If you enjoy history and the saga of the sea as well as touring an elegant historic home in the heart of Savannah, then the Ships of the Sea Maritime Museum will be well worth a visit.
For centuries, Savannah has served as one of the nation’s most important port cities. From the earliest days of settlement to the modern age, ships have plied the seas to call on Savannah as a destination for commerce.
The city has grown up around the influence of being a gateway to the world, as well as the first city of a growing colony and state.
This sense of global influence since the age of sailing ships, and the opulence of Southern style that marks the city’s distinctive architecture, finds no better place for you to experience it than the Ships of the Sea Maritime Museum.
Located in the heart of old Savannah near historic Bay Street, it is but a short drive from the South Carolina Lowcountry and promises hours of enjoyment, whether for a casual museum visit and home tour or one of the many special programs and events held by or hosted at the museum year-round.
The Ships of the Sea Maritime Museum originally had its home in a small space down on River Street, where it served to provide a taste of history and adventure to visitors making their way to the shops and restaurants along the cobblestones.
In the late 1990’s, the historic William Scarbrough House, noted for its architectural style as well as its unique connection to Savannah’s maritime history, was renovated and became an ideal location for the expanding museum. Together, the elegant house and grounds combine with displays of historic artifacts and art that make for an exciting and rewarding experience for thousands of visitors a year.
When you visit the museum you will immediately note the centerpieces that make it such a fascinating destination.
Dozens of intricately-built scale ship models grace the old rooms and corridors of the mansion — each built in 3/8”=1’ scale. The extraordinary details captured in the models help bring shipboard life to reality for exhibits from the golden age of sail to modern steam and even nuclear power.
One of the highlights of these models is the depiction of many ships through the years that have borne the name of the city of Savannah — from sailing vessels to warships and even the historic SS Savannah, the first steamship to cross the Atlantic.
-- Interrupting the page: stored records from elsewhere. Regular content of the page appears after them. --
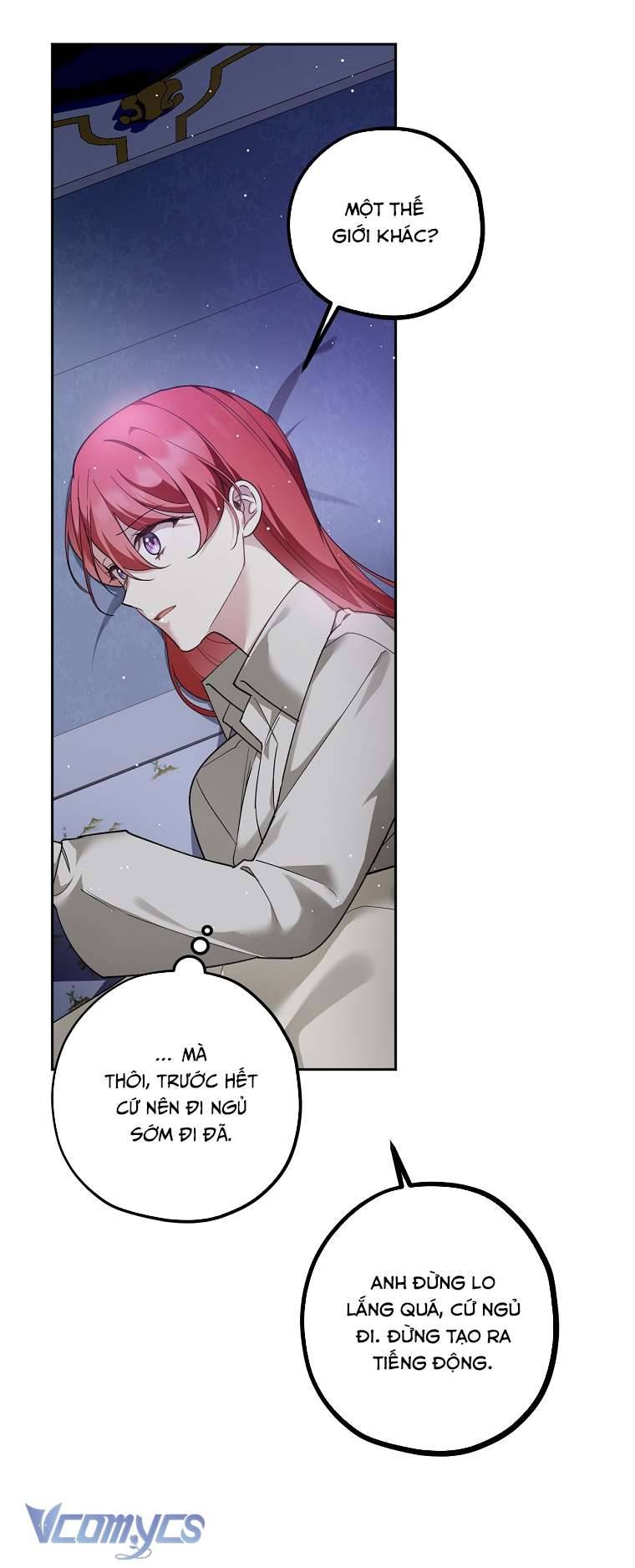 Quý Tộc Gì Chứ, Tôi Chỉ Muốn Về Nhà Chap 28 - Trang 2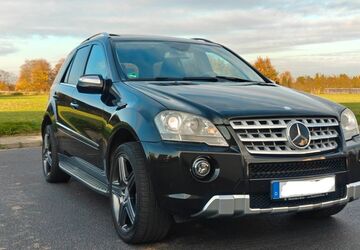 Mercedes-Benz ML 500 218.000 km 16.500 &euro; Nettetal 41334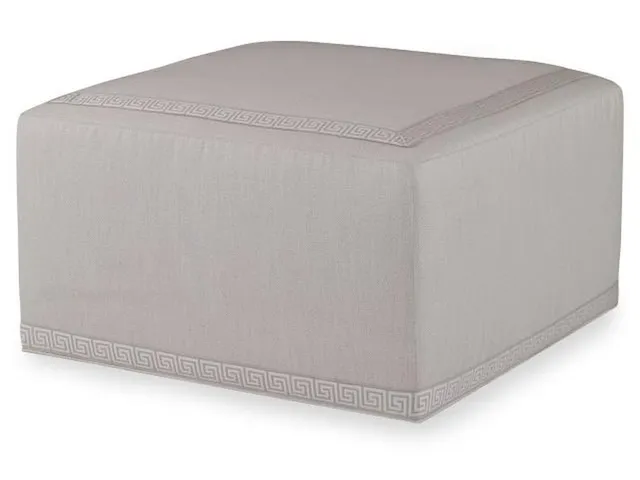 Rio Outdoor Ottoman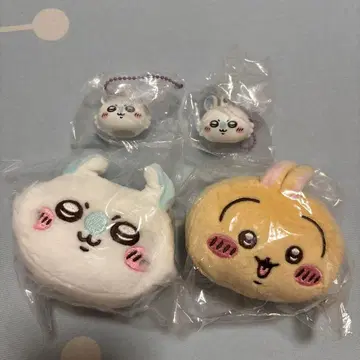 치이카와 가챠가챠 4세트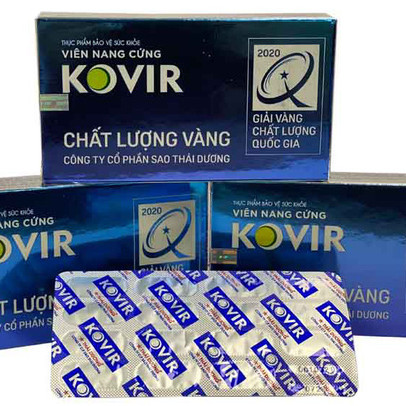 Yêu cầu xử lý nghiêm việc tăng giá sản phẩm Xuyên Tâm Liên, Kovir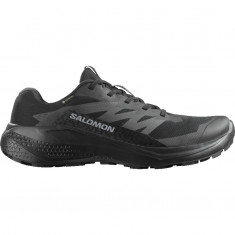 Salomon Alphaglide GTX, Laufschuhe, Herren, schwarz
One of the owners of the SS Savannah was William Scarbrough, whose home now provides the museum with its beautiful and useful location. Built in 1819, it reflects one of the earliest examples of Southern Greek Revival style. A tour of the museum means a tour of one of Savannah’s finest old residences and a true taste of the seafaring South.
The Ships of the Sea Maritime Museum house and grounds provide a venue for many social and historical events throughout the year. Historic and cultural programs can be experienced, and it also is a venue for private events.
The beautiful gardens and outdoor areas are accommodating and the old home with its museum provides the company of centuries influence of Savannah’s society. Whether you are fascinated by history, appreciate the old home or simply wish to escape into another age, the Ships of the Sea Maritime Museum located in Savannah’s historic Scarbrough House will be well worth a visit.
The Ships of the Sea Maritime Museum is located at 41 Martin Luther King Jr. Blvd. in Savannah.
From South Carolina, take U.S. 17 across the Talmadge Memorial Bridge. Take the first exit to Ogelethorpe Avenue and turn left at the light onto MLK Boulevard. The museum is located just two blocks toward the river. Turn left on Orange Street and enter the parking lot.
The museum and grounds are open year-round from 10 a.m. to 5 p.m. Tuesday through Sunday. The museum is closed on most major holidays.
Admission is $9 for adults and $7 for students. Seniors are $7 and children under 5 are free. There are group rates and other discounts available.